[GIVEN RECORDS — start]

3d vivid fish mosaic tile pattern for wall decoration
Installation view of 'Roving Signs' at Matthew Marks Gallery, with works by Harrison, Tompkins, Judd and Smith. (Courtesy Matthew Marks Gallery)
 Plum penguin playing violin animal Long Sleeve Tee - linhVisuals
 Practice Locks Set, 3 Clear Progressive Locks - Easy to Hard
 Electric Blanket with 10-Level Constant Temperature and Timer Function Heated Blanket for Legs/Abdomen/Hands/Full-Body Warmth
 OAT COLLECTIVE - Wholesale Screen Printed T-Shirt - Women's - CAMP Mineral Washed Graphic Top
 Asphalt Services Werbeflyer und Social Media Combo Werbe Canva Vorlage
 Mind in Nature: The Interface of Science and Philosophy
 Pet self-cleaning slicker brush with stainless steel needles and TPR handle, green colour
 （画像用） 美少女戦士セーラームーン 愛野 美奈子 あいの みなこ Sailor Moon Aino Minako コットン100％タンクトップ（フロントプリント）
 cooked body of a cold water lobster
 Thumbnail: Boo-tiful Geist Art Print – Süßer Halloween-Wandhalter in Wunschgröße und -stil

[GIVEN RECORDS — finish]

▶ **TASK REQUIREMENTS**:
Print all the records exactly as written.

▶ **TASK SOLUTION**:
3d vivid fish mosaic tile pattern for wall decoration
Installation view of 'Roving Signs' at Matthew Marks Gallery, with works by Harrison, Tompkins, Judd and Smith. (Courtesy Matthew Marks Gallery)
 Plum penguin playing violin animal Long Sleeve Tee - linhVisuals
 Practice Locks Set, 3 Clear Progressive Locks - Easy to Hard
 Electric Blanket with 10-Level Constant Temperature and Timer Function Heated Blanket for Legs/Abdomen/Hands/Full-Body Warmth
 OAT COLLECTIVE - Wholesale Screen Printed T-Shirt - Women's - CAMP Mineral Washed Graphic Top
 Asphalt Services Werbeflyer und Social Media Combo Werbe Canva Vorlage
 Mind in Nature: The Interface of Science and Philosophy
 Pet self-cleaning slicker brush with stainless steel needles and TPR handle, green colour
 （画像用） 美少女戦士セーラームーン 愛野 美奈子 あいの みなこ Sailor Moon Aino Minako コットン100％タンクトップ（フロントプリント）
 cooked body of a cold water lobster
 Thumbnail: Boo-tiful Geist Art Print – Süßer Halloween-Wandhalter in Wunschgröße und -stil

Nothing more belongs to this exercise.